Joe Z. stated (at p. 806), “Petitioner makes no showing that pretrial discovery of the statements and conversations of his former codefendants [whom the district attorney did not plan to call as witnesses at petitioner’s hearing] are in fact necessary for the preparation of his case, and he offers no explanation why he could not obtain the factual information contained therein directly from the juveniles themselves. (Com *819 pare Vetter v. Superior Court [supra], 189 Cal.App.2d. 132, 136. . . .) Accordingly, petitioner has not established his present right to a writ of mandate with respect to this material.” (Italics added.)
The People have set forth a lengthy list of what they believe to be the chief factors in determining whether good cause is shown for the discovery of prior conviction records for impeachment purposes.

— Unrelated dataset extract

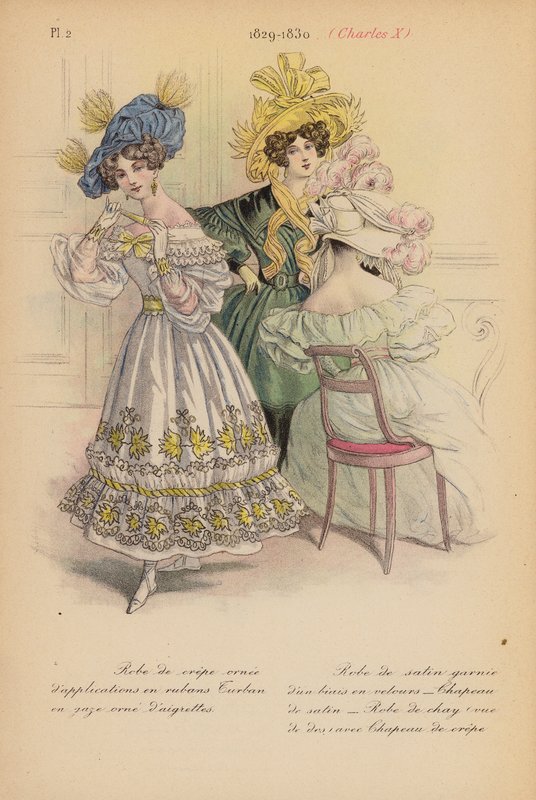 Francouzská móda: 1829-1830, Karel X. (barevná litografie) od Louis Colas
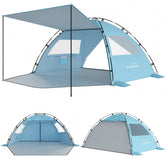 Elegear CumbreX front view sky blue showing roomy canopy and shade benefit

It is unnecessary here, however, to consider each factor listed, since we are satisfied that petitioner’s showing was sufficient to establish good cause for discovery of any felony conviction record of Sillence.
That declaration stated that the bureau chief has been advised by the Attorney General’s office that about “400,000 criminal proceedings are initiated” annually in California and that each “might” average 10 prospective prosecution witnesses and that assuming that (1) the foregoing figures are correct and (2) Engstrom is followed without exception, the bureau would be required to conduct four million searches annually and the workload would exceed the bureau’s capacity. However, even if the matters assumed were correct, the declaration is not persuasive as to the number of searches that would be required since, among other things, in many cases guilty pleas may be entered or the proceeding dismissed under Penal Code section 995 without any request having been made for felony conviction records of prosecution witnesses.
For example, in 1970-1971 there were 125,446 California municipal court felony preliminary filings and 76,426 California superior court criminal filings. (See 1972 Judicial Council Report, pp. 106 and 118.) And if a defendant charged with a felony is entitled to such records, others, such as minors in juvenile court proceedings, may be entitled to them. (See
Joe Z.
v.
Superior Court, supra,
Wardius
v.
Oregon,
The declaration stated that “we require the submission of a fingerprint card if the request for ‘rap sheet’ information is made for use in a judicial proceeding. Only in unusual situations do we waive this requirement”; that a request submitted under the person’s name alone is unreliable; and that with the submission of additional data (e.g., birth date, physical description, social security number) the accuracy of a tentative name identification increases.
The People also assert that any request to the bureau for a “rap sheet” should be by the court “because it relieves the parties of the hazard of prejudicing potential witnesses . . .,” and the People note that under Penal Code section 11105 a court may request a “rap sheet.” However, if the prosecution can obtain from the bureau the “rap sheet” of an individual by requesting it and furnishing only his name and physical description, there is no basis for believing the prosecution will be prejudiced by making the request, and so far as appears that is the situation here.